# When all four words in the CL title ...........STRIKE OUT!  Fail!



## bobcycles (May 27, 2015)

*LOL


Antique?

Schwinn?

Milk?

Bike?

http://lancaster.craigslist.org/bik/4975380845.html*


----------



## GTs58 (May 27, 2015)

That is a pretty definite fail. Seller must be one of those that knows a lot about nothing. Is that an expander brake on the front?


----------



## pedal4416 (May 27, 2015)

They forgot to add rockabilly to the title!


----------



## THE STIG (May 27, 2015)

and Elvis .............


----------



## 41rollfast (May 27, 2015)

If its a "Milk" bike.......it has gone bad..


----------



## GTs58 (May 27, 2015)

41rollfast said:


> If its a "Milk" bike.......it has gone bad..




The seller's name is Cottage Cheesehead.


----------



## vincev (May 27, 2015)

The word vintage would have made it all fit together.


----------



## Spence36 (May 29, 2015)

Lol !!  Nice find BOB my brother lol !!! 

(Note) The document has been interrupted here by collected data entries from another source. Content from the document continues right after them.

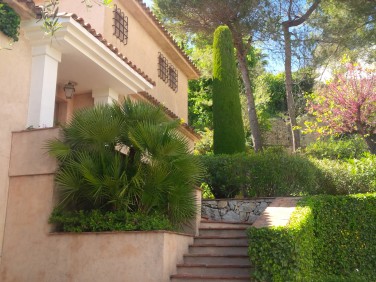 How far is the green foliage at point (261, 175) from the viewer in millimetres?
10992

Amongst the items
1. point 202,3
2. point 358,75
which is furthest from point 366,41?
point 202,3

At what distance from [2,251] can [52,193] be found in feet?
4.29

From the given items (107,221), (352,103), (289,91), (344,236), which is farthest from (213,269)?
(289,91)

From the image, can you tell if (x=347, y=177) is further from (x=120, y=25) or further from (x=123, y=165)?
(x=120, y=25)

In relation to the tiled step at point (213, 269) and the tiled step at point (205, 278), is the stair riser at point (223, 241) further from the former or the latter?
the tiled step at point (205, 278)

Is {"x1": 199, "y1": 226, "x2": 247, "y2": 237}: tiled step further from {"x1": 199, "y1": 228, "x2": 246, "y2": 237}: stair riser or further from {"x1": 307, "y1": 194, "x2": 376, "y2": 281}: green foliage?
{"x1": 307, "y1": 194, "x2": 376, "y2": 281}: green foliage

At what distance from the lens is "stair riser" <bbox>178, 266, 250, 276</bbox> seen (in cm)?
721

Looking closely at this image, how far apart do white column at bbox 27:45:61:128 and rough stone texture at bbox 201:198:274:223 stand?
4754mm

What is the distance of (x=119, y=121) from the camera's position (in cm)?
791

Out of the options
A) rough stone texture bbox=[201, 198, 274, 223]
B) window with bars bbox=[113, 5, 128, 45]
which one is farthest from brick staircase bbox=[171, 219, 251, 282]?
window with bars bbox=[113, 5, 128, 45]

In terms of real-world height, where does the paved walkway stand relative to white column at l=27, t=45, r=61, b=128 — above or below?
below

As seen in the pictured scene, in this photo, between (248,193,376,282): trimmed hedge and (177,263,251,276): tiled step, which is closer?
(177,263,251,276): tiled step

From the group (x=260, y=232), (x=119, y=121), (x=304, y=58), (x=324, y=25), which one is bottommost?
(x=260, y=232)

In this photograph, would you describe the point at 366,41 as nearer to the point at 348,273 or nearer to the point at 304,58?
the point at 304,58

Cruising my Prewar Schwinn [emoji605]


----------



## wspeid (May 29, 2015)

Aren't those also "Rare!"?


----------



## Wheeled Relics (May 29, 2015)

Bob I appreciate the private messages we shared yesterday after my embarrassing mistake in the thread about slow shipping, you were kind, articulate and extended a professional courtesy that should be emulated.

It's threads like this that I think we can all take a step back and see how serious we take this hobbie: is the guy running the auction sitting back having a chuckle with us? This is something we all share by making a perceived offense approachable by poking a little fun at it.

Mistakes happen, admittedly so, my remarks yesterday, both commentary and direct, were misplaced, and while we must use words to express our pleasure or discontent with business experiences in this hobby, the quality of the help we share travels farther than words alone. 

There is a saying I think is relevant here. "Don't do business with friends, make friends doing business."


----------



## partsguy (May 29, 2015)

Didn't you see that episode of American Pickers with this bike on it?!


----------



## niesoony (May 30, 2015)

Dffgbhg


----------



## niesoony (May 30, 2015)

Dnsjsjs


----------



## Overhauler (May 30, 2015)

location, you have to go to Mountville to get it , get it "Mount"-ville , no thanks.
 LOL, Lee


----------